*Exercise prompt:* From the line containing "Text LAY OUT" to the last line of the data below, copy everything exactly and nothing else; pictures stay out.

====================

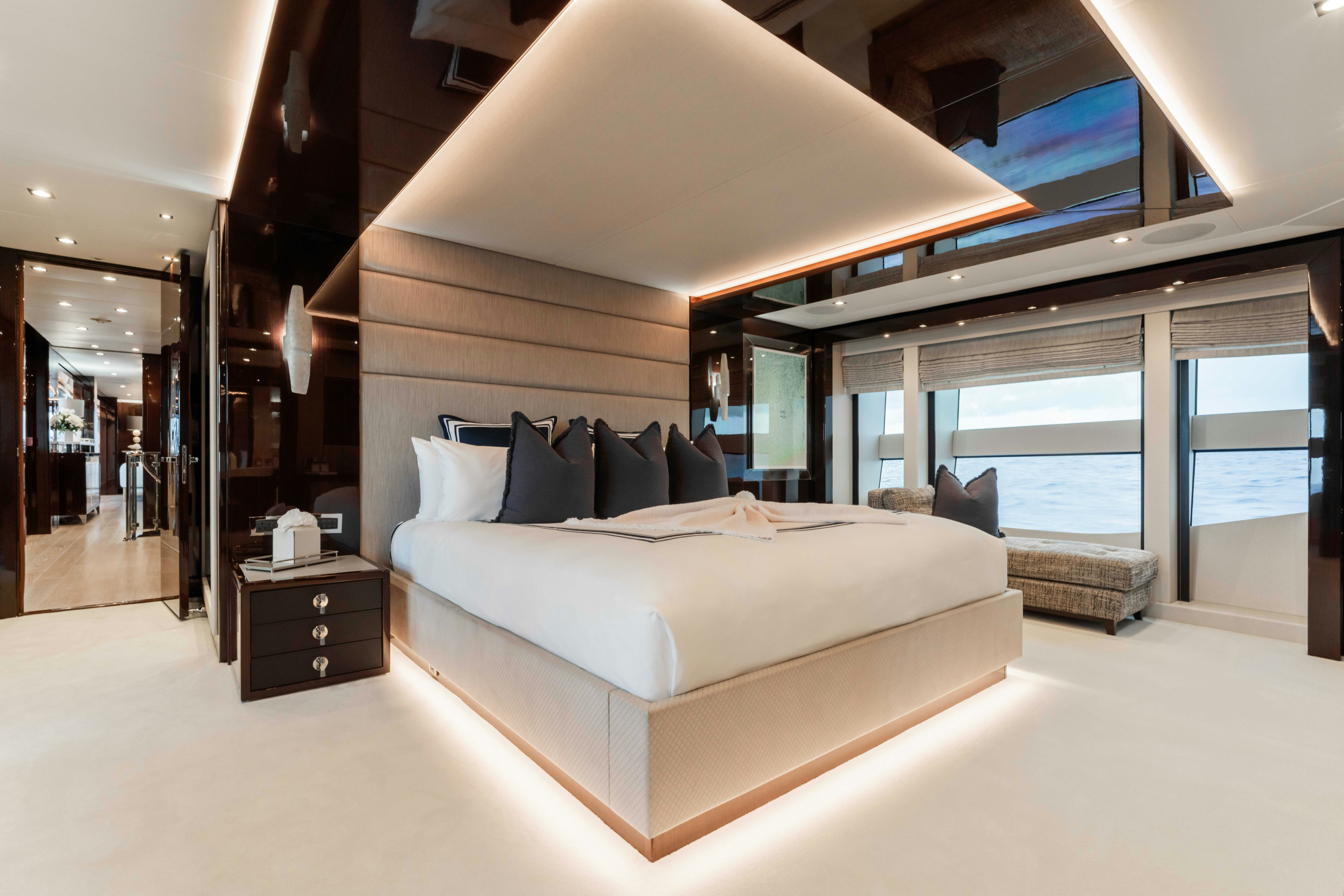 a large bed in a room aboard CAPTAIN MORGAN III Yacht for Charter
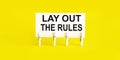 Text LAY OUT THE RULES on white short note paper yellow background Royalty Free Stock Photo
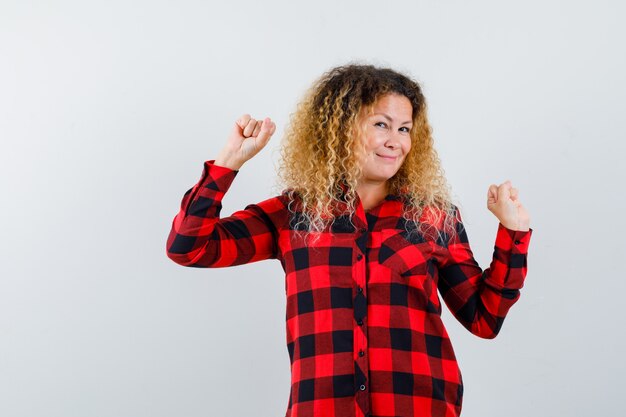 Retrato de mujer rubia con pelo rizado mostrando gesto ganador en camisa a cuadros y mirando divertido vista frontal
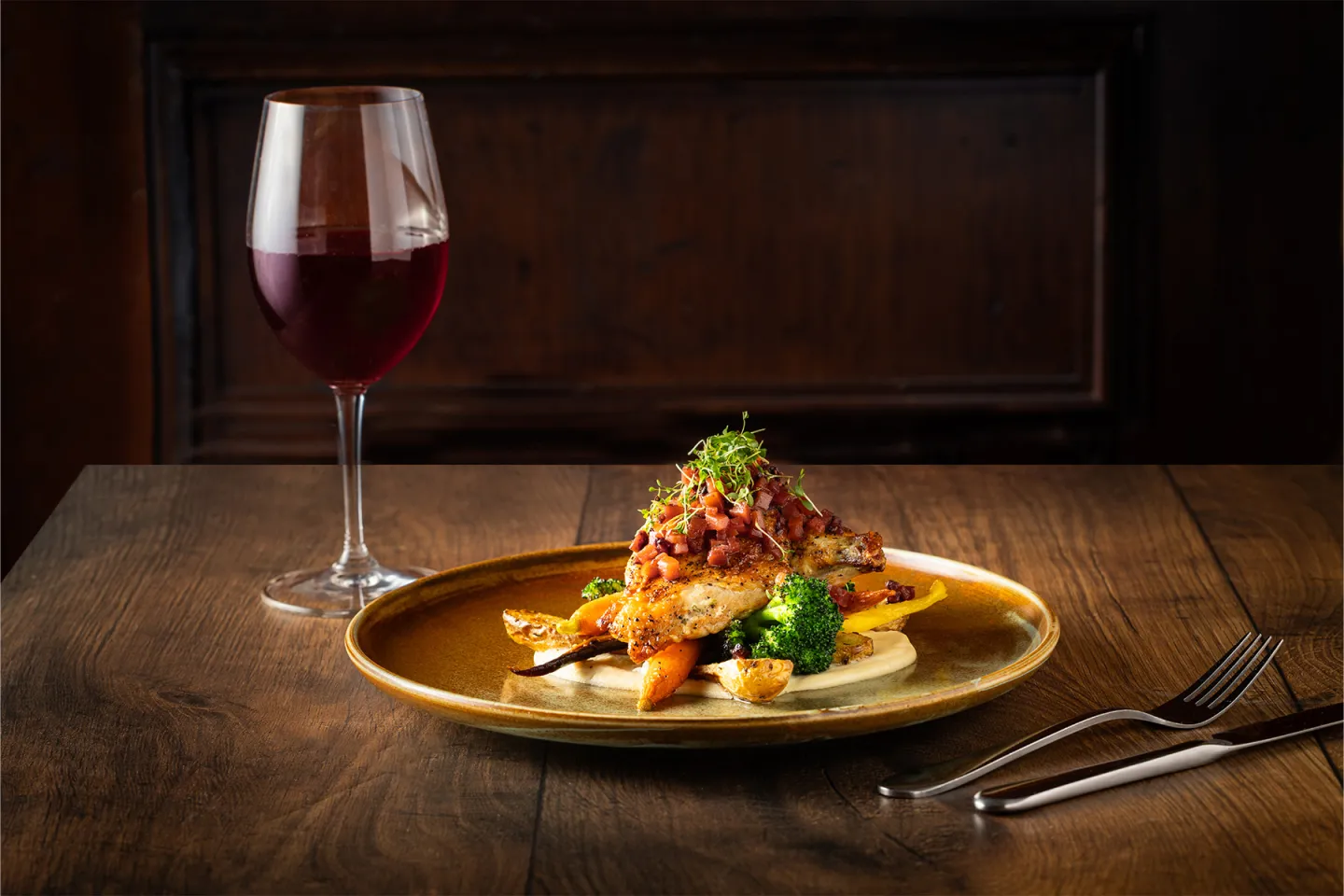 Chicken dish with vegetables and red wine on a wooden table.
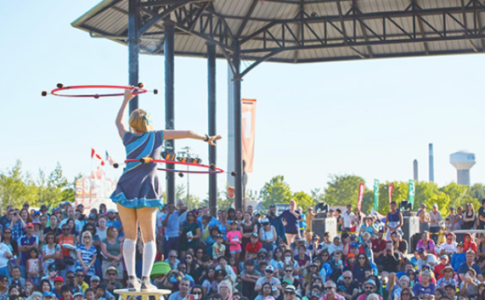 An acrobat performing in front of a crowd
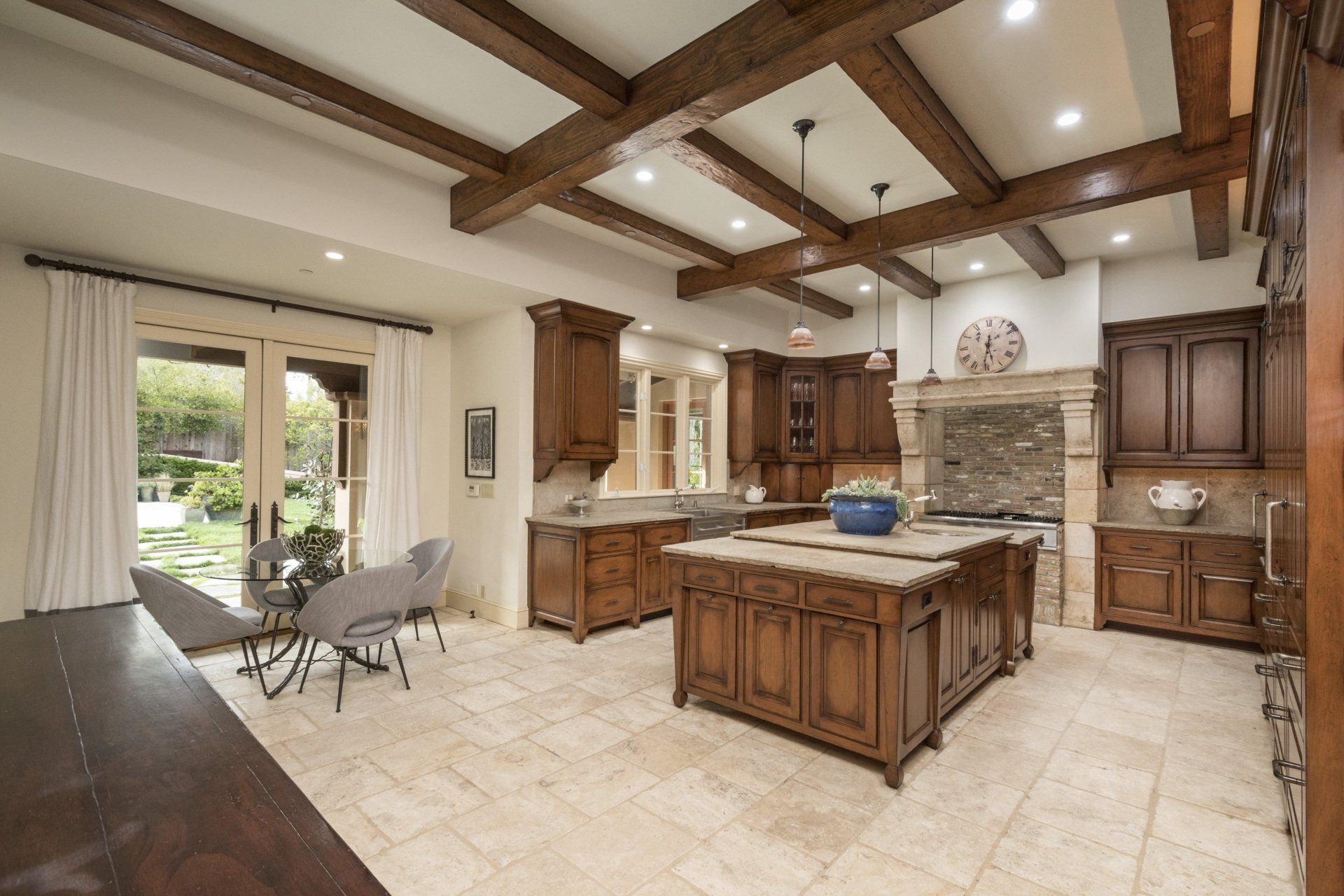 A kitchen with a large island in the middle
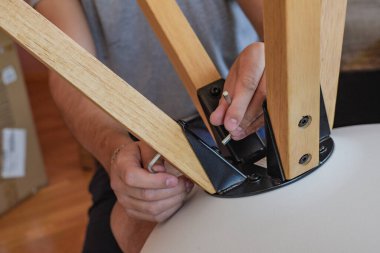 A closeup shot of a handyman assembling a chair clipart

====================

*Exercise output:*
 Text LAY OUT THE RULES on white short note paper yellow background Royalty Free Stock Photo
 Retrato de mujer rubia con pelo rizado mostrando gesto ganador en camisa a cuadros y mirando divertido vista frontal
 Chicken dish with vegetables and red wine on a wooden table.
 An acrobat performing in front of a crowd
 A kitchen with a large island in the middle
 A closeup shot of a handyman assembling a chair clipart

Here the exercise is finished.